殻長は3cmほどで、海生のヒバリガイよりはやや小さい。なおコウロエンカワヒバリガイ Xenostrobus securis は本種とよく似ており、かつては本種の亜種とされたこともあったが、内臓の形態やタンパク質の研究が進み、分布域も分類も異なる別属別種と判明した。
本来の分布域は中国南部の淡水域だったが、中国から移入されるシジミ類に混じって分布を広げた。日本には1980年代に侵入したと考えられ、1990年に揖斐川で初確認された。その後矢作川・木曽川・長良川・淀川(琵琶湖)の各水系でも確認された。日本以外にも朝鮮半島・台湾・香港・タイ北部など中国の周辺各地に侵入している。

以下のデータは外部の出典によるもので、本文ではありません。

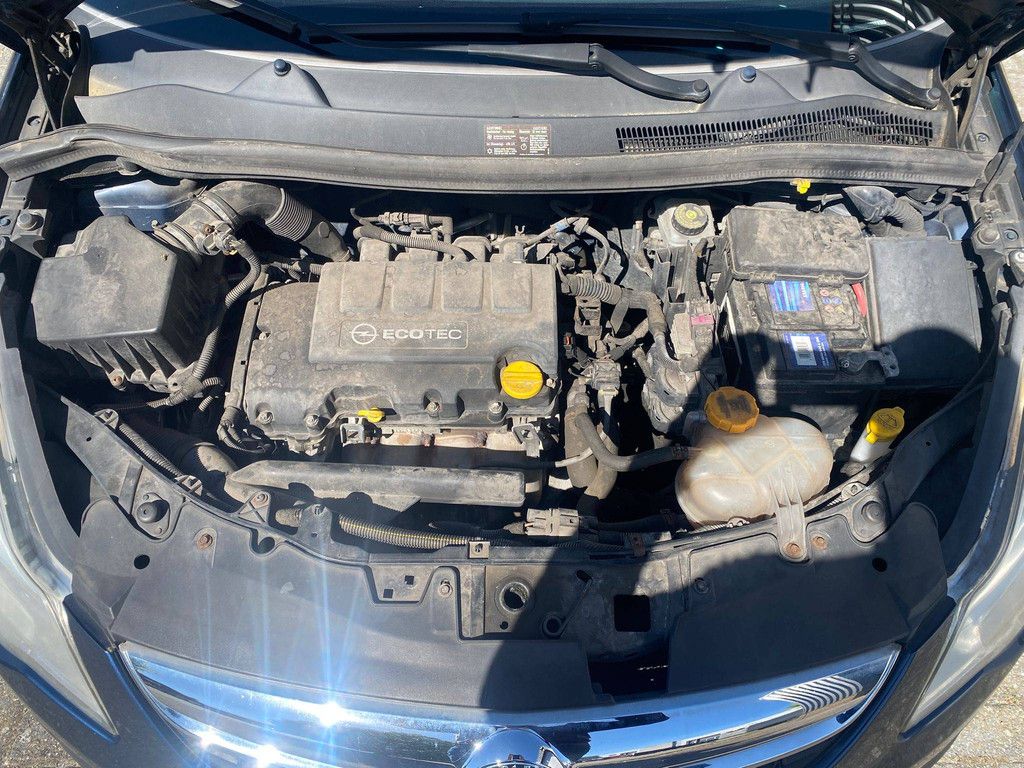 Pkw Opel Corsa Benzin 69 PS 2011 (Margin)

成貝は水深10mくらいまでの岩などに足糸を出して付着する。繁殖の適温は21-27℃で、各個体が水中に放卵・放精を行う。孵化した幼生は1-2週間で稚貝に変態し、固着生活を始める。稚貝のうちはわずかに移動できるが、成長すると移動しなくなる。
水路をふさぐほど増殖し除去も困難なこと、大量斃死して水質の悪化を招くこと、水道や水力発電の施設に付着するなどの被害が問題化している。
またコイ科などの淡水魚に寄生する腹口類吸虫の中間宿主となることも判明しており、本種と同時に腹口類吸虫も日本へ侵入してしまった。既に宇治川産のオイカワやビワコオオナマズから腹口類吸虫の感染が確認されている。淡水魚の放流によって腹口類吸虫が日本各地へ分布を広げる可能性もあり、生態系への影響が懸念される。
一応食用出来るが、小さいためほとんど可食部分がなく、味もほとんどしない。許可無く生きたまま持ち帰ると特定外来生物法により罰せられる。